# Green filmy floating in my tank



## Epok (Jun 20, 2011)

So i just get back from a week away and my brother was watching over my fish and 2 problems occured he said. the first problem still exsists, there is a green filmy particals floating at the top of my tank. I have done a water change and what ever it is just floats back up. I have a very thin holed net that I was trying to scoop it all up. Now on to the second problem a crazy algae bloom happened he said. He was scraping the glass twice a day because there was so much algae blooming. That has gone away though after he did a water change. 

I have a 14 gallon biocube with approx 20-25 lbs of live rock with 1 cleaner shrimp, 4 blue legged hermit crabs, 1 clownfish, yellow tail damsel and 3 3 inch pulsating xenia sprouts.

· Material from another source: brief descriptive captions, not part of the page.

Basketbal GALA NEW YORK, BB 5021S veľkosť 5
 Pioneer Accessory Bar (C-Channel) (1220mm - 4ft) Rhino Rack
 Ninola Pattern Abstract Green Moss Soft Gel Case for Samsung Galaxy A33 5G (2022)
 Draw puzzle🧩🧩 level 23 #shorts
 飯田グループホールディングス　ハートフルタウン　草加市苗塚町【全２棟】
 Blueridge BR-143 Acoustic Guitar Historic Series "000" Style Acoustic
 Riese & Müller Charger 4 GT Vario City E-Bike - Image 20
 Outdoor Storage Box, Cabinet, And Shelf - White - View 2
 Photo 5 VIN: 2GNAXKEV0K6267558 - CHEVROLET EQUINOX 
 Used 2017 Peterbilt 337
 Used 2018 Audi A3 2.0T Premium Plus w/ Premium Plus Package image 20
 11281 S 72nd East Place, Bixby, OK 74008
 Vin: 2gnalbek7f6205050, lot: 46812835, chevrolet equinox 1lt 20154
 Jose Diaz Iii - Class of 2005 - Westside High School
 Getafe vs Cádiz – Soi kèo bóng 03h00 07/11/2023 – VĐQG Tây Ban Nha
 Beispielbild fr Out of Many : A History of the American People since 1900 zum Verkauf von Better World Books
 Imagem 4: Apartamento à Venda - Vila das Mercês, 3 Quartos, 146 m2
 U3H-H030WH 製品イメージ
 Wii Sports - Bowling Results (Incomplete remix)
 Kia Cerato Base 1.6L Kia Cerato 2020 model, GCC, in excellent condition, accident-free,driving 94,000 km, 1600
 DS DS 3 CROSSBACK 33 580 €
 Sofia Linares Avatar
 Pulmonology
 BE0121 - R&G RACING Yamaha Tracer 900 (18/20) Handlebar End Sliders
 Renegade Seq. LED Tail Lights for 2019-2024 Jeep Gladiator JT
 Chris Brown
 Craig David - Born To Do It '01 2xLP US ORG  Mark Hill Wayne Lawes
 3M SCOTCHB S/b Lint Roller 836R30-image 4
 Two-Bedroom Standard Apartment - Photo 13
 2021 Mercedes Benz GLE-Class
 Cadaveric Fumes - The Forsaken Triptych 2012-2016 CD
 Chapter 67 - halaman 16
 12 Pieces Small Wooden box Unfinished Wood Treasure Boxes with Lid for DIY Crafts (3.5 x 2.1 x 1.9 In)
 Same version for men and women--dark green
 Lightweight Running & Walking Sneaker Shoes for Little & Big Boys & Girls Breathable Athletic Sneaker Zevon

I was going to add more until i came home and seen this. I can take pics and send them via email or text.


----------



## scherzo (Apr 24, 2010)

How long has the tank been running?

How are your levels? Any of the livestock bothered?

Maybe the tank was overfed?

Maybe aim a powerhead towards the surface to break the surface of the water to keep the film suspended. Can you run some filter material to help clear it up?


----------



## Epok (Jun 20, 2011)

Tanks been running for a while now i would say 3-4 months plus. All my levels are normal. The livestock dont seem bothered or look sick in anyway. I feed plankton about every two days and just enough that they all get some. I havent tried another powerhead pointing to the top of ghe water. I guess i could try that next paycheck.


----------



## scherzo (Apr 24, 2010)

If you already have a powerhead in the tank, just point that one upwards.


----------



## Epok (Jun 20, 2011)

I have a powerhead that moves around. It'll move in a circle. I just counted and the the movement hits the top of the water every 9 seconds. Is that enough?


----------



## scherzo (Apr 24, 2010)

It sounds like you only have the one built in pump. This really isn't enough flow for e tank. You should have at least one more powerhead. That should clear things up and keep the filmy stuff suspended so it can be filtered out.


----------



## Epok (Jun 20, 2011)

Oh okay. Ill try that thanks!!!


----------



## SeaHorse_Fanatic (Apr 22, 2010)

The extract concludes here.